Too Much Team Access

The increased teamwork that results from DevOps is a good thing, and so is the growing capability team members achieve as they’re exposed to newer procedures or components in your software. However, forgetting the added responsibility that comes along with this can lead to critical failure. For example, while it’s generally good that DevOps might help a UI developer become familiar with an application’s database — and empower that UI developer to even roll out DB changes self-service — it’s not good when changes are made to a production database accidentally. While bottlenecks are removed, controls also need to be in place to avoid catastrophe.

The takeaways here are to monitor and report unexpected access to critical production systems, and to put procedures in place to roll back (or even roll forward) damaging changes made, unintended or not.

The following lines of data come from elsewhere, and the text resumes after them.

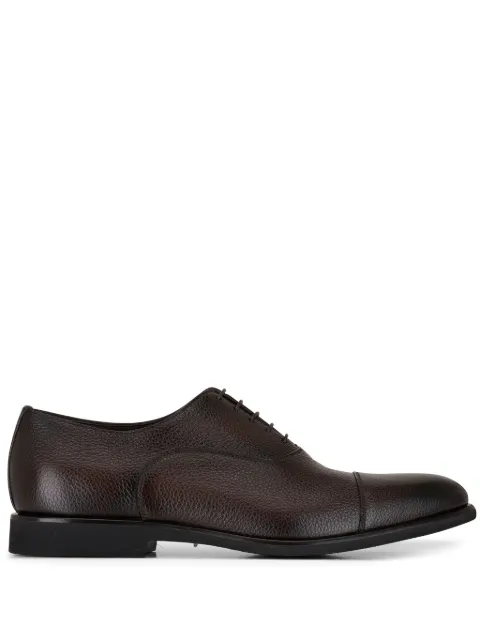 Santoni zapatos Oxford con efecto granulado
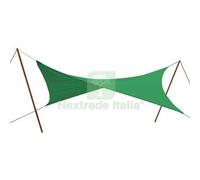 1PZ VELA OMBREGGIANTE QUADRA STARS PE VERDE GR MQ 180 MT 3,6X3,6 + POLIECO:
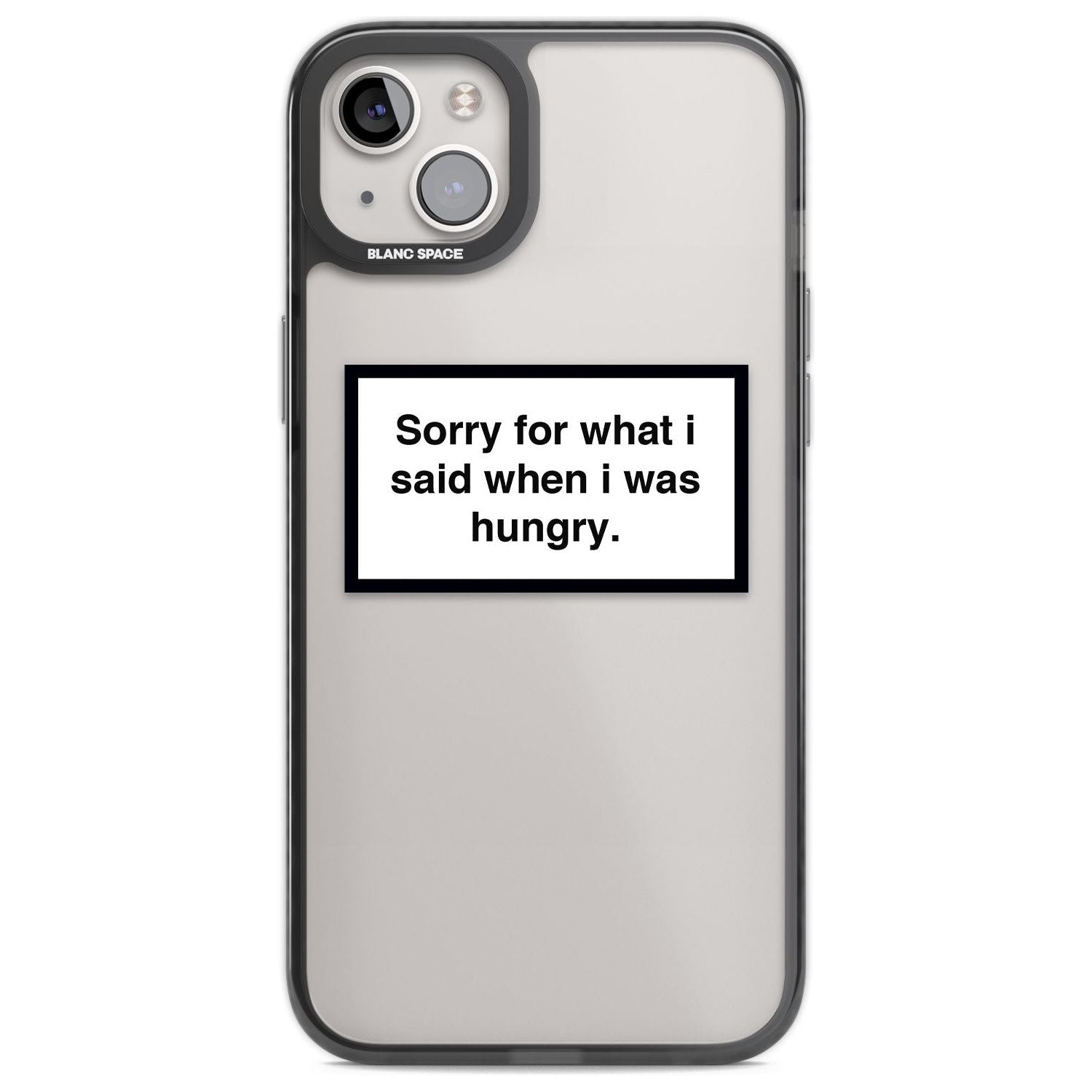 Sorry For What I Said
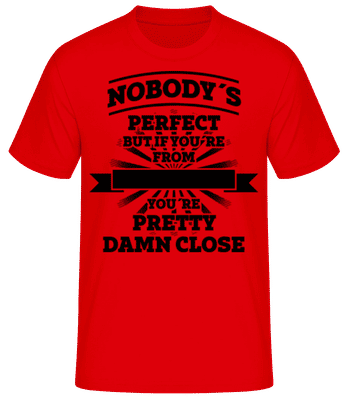 Nobody's Perfect But 1 - T-shirt standard Homme - Rouge - Devant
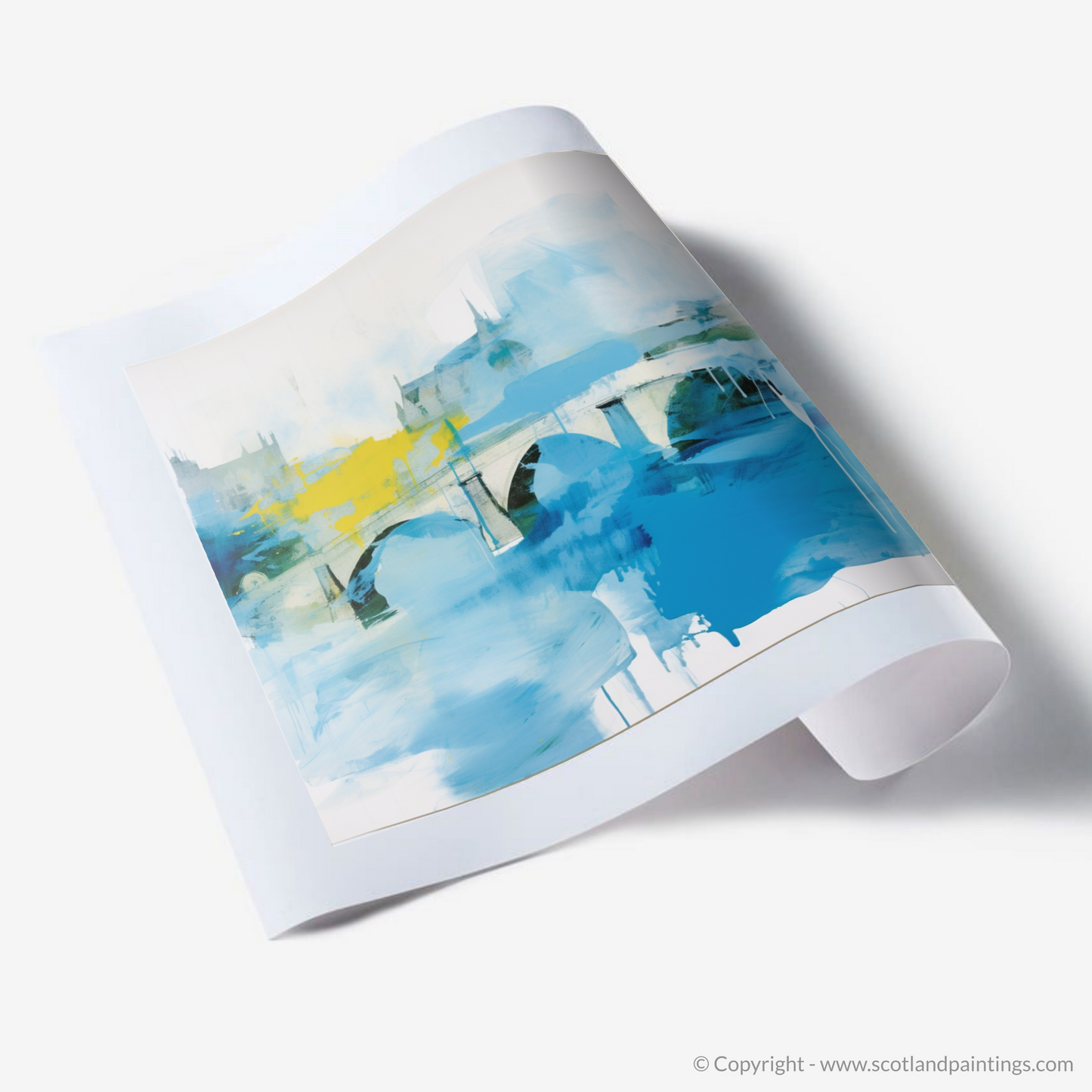 Edinburgh's Dean Bridge Abstract Escapade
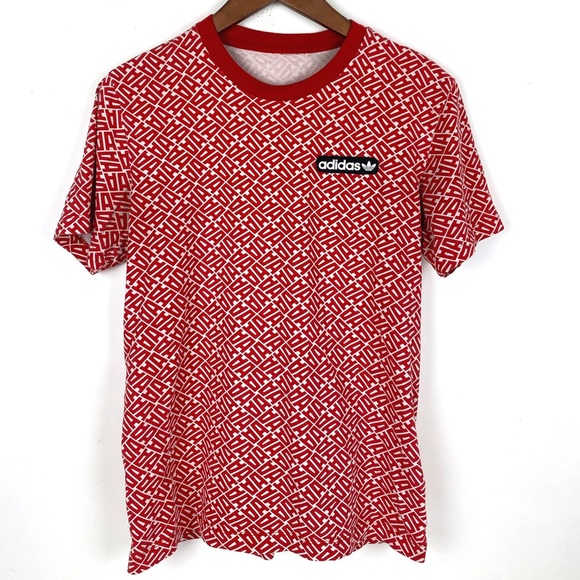 Adidas Men’s T-Shirt Small Red and White - Picture 2 of 7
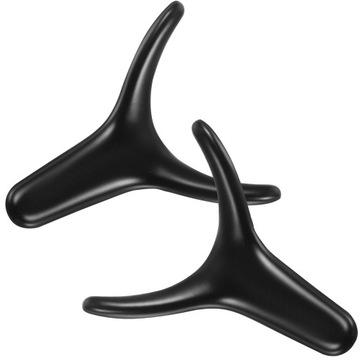 НАСТЕННЫЕ ВЕШАЛКИ В СТИЛЕ КОРОВЬИХ РОГ 2 ШТ. (РАЗМЕР: БОЛЬШОЙ)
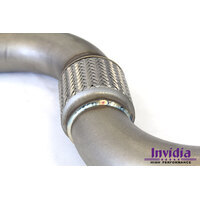 Invidia Down Pipe w/High Flow Cat for Ford Mustang Ecoboost FM/FN 15-20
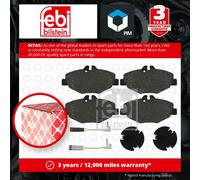 Brake Pads Set fits MERCEDES E200 W211 2.2D Front 02 to 08 OM646.951 A0034206520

Conclusion: It’s About People

The goal isn’t successful DevOps in and of itself — it’s neither a process nor an activity. Instead, the goal is to use the tenets of DevOps to improve your software, customer experience, and organization. In fact, if any one of these is missing, life might prove difficult, even if you think you’re succeeding at DevOps.

It’s important to remember that all of these ingredients involve actual people. Regardless of how DevOps helps you get there, learning from failure, instilling a culture of constant improvement, making customers happy, and having fun while doing it are what’s truly important. Every day as you work to accomplish your goals, keep in mind what really matters.